▸ **TASK TO CARRY OUT**: Each record here should be printed again exactly; please leave its pictures out.

▸ **DATA PROVIDED**:
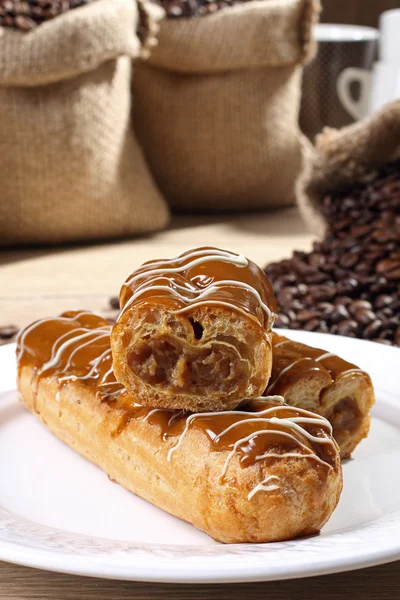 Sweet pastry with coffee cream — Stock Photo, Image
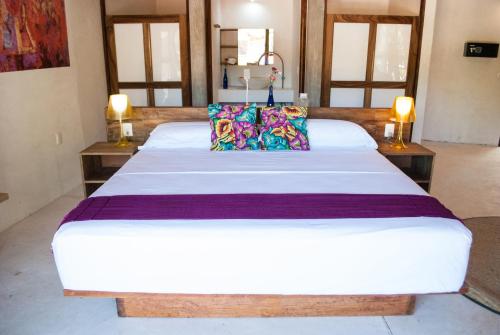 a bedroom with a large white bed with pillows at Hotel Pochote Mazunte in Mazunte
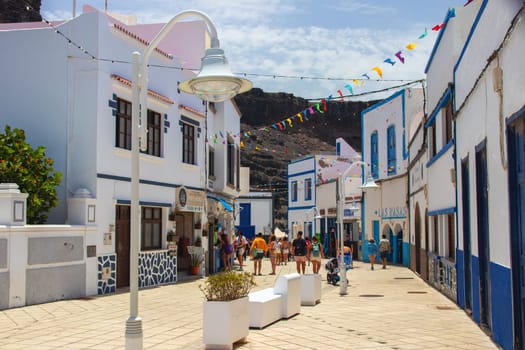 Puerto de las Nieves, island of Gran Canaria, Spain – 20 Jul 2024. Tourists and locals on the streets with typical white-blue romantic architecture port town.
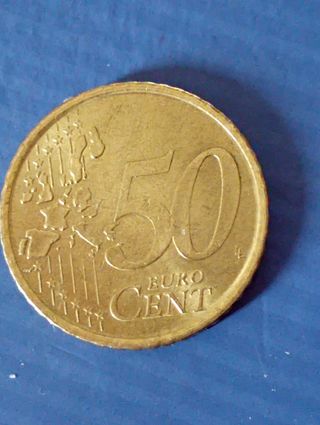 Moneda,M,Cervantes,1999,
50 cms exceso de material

▸ **SOLUTION**:
 Sweet pastry with coffee cream — Stock Photo, Image
 a bedroom with a large white bed with pillows at Hotel Pochote Mazunte in Mazunte
 Puerto de las Nieves, island of Gran Canaria, Spain – 20 Jul 2024. Tourists and locals on the streets with typical white-blue romantic architecture port town.
 Moneda,M,Cervantes,1999,
50 cms exceso de material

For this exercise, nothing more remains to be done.